WHAT THE TASK ASKS> Copy out all the lines of the data that hold the word "File".

Short descriptive text snippets
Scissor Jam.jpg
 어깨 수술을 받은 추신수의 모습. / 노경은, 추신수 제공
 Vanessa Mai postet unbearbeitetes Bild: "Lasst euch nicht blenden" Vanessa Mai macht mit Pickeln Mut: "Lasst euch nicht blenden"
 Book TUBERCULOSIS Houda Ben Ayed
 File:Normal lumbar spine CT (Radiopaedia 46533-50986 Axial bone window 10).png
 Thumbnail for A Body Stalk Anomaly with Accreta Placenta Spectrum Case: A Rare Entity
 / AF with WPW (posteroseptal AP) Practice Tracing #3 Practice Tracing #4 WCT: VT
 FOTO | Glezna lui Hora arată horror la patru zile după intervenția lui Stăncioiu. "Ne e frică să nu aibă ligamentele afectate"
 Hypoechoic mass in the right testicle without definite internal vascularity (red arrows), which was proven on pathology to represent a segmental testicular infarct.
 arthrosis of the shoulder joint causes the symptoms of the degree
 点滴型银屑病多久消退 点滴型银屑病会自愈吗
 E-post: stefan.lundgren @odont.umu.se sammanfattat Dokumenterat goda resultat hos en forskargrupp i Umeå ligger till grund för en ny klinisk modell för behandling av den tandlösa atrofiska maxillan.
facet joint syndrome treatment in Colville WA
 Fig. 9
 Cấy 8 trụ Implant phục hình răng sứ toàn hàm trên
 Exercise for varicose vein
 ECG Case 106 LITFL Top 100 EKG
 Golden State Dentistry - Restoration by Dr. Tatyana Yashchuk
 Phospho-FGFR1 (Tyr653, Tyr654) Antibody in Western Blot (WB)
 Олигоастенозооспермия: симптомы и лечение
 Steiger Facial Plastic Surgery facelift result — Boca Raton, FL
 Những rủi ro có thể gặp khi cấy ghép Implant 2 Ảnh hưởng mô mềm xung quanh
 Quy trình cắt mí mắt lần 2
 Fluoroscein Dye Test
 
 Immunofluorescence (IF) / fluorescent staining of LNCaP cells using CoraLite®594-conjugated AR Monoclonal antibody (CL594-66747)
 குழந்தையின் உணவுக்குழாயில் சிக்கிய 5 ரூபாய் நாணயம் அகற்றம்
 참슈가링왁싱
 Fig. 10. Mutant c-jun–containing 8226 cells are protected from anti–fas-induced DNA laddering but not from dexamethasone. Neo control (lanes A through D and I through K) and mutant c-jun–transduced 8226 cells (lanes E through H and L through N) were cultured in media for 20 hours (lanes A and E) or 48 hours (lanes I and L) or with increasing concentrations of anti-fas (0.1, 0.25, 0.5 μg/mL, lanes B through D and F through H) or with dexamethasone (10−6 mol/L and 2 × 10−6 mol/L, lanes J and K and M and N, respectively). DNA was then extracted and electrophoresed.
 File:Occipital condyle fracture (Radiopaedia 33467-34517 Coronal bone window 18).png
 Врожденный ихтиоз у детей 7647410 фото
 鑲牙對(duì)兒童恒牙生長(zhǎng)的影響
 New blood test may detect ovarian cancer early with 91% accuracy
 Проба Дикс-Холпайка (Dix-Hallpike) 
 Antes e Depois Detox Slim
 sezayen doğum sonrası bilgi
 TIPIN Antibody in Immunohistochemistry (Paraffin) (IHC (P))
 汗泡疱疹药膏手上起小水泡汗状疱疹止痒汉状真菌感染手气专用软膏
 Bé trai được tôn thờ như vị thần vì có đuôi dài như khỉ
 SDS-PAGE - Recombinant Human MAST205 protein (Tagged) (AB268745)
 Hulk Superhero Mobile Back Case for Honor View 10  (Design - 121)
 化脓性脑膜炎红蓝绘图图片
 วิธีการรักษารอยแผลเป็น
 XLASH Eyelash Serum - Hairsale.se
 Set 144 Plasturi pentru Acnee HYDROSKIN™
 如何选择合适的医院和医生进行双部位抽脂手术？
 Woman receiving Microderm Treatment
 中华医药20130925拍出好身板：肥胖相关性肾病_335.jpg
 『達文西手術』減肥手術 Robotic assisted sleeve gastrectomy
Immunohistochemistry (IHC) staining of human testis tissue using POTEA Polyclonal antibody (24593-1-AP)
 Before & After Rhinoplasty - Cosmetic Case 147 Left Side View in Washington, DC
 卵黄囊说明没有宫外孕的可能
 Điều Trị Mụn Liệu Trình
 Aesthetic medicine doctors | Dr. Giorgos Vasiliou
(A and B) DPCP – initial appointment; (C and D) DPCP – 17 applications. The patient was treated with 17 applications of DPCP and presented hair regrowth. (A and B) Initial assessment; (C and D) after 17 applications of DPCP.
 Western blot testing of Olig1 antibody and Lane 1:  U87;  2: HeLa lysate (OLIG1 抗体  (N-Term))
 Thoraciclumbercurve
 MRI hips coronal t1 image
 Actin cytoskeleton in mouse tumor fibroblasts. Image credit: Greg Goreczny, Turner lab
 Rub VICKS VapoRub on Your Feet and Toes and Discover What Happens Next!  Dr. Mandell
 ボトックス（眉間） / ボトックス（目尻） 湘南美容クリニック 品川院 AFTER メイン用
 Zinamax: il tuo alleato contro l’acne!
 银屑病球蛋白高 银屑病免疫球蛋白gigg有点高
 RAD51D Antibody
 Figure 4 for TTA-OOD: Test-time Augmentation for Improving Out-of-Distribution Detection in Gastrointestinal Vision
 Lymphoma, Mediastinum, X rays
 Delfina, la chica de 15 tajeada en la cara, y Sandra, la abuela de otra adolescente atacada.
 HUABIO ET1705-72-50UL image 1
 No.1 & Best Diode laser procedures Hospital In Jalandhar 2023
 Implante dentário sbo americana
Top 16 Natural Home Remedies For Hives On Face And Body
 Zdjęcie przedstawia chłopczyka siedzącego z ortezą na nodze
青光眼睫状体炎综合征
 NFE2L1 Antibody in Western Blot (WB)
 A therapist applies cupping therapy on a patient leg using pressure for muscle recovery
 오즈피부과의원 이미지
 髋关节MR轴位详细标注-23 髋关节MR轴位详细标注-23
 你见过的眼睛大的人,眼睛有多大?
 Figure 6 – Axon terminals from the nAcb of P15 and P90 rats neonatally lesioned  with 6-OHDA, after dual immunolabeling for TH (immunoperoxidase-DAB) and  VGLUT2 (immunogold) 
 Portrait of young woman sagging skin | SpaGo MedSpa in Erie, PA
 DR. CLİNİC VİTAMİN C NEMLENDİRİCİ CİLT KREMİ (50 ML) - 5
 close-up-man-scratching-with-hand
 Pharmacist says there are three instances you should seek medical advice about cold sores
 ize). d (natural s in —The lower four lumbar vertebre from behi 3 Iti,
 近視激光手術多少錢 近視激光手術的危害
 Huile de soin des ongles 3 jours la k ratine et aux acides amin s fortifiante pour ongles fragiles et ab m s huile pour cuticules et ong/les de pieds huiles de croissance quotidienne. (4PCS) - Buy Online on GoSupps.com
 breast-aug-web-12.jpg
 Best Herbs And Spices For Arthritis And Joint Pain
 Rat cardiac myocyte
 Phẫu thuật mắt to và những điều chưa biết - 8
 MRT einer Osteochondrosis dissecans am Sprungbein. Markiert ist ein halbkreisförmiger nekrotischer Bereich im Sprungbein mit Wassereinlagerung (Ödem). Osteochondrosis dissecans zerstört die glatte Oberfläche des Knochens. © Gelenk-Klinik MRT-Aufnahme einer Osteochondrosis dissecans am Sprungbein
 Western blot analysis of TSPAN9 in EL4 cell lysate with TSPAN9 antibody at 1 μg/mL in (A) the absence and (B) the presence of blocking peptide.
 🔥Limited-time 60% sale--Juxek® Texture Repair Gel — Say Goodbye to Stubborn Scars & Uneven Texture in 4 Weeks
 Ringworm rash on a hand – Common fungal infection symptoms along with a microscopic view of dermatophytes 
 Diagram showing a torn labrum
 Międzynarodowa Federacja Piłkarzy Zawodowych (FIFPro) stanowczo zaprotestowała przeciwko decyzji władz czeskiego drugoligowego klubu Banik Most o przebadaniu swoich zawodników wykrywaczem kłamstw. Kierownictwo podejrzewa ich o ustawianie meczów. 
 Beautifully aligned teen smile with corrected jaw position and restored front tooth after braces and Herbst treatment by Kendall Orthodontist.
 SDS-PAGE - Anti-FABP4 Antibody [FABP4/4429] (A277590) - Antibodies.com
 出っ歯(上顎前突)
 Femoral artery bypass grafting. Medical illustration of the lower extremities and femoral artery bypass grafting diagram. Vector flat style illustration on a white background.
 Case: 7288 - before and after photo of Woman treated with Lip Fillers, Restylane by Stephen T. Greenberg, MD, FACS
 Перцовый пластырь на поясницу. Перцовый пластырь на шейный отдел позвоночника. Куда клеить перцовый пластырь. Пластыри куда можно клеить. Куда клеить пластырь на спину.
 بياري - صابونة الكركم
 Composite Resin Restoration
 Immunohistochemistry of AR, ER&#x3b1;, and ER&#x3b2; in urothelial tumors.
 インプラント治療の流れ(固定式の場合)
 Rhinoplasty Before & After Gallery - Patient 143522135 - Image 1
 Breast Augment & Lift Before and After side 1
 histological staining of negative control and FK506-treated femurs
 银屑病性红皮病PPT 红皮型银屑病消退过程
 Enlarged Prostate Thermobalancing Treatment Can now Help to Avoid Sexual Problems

RESPONSE BOX>
 File:Normal lumbar spine CT (Radiopaedia 46533-50986 Axial bone window 10).png
 File:Occipital condyle fracture (Radiopaedia 33467-34517 Coronal bone window 18).png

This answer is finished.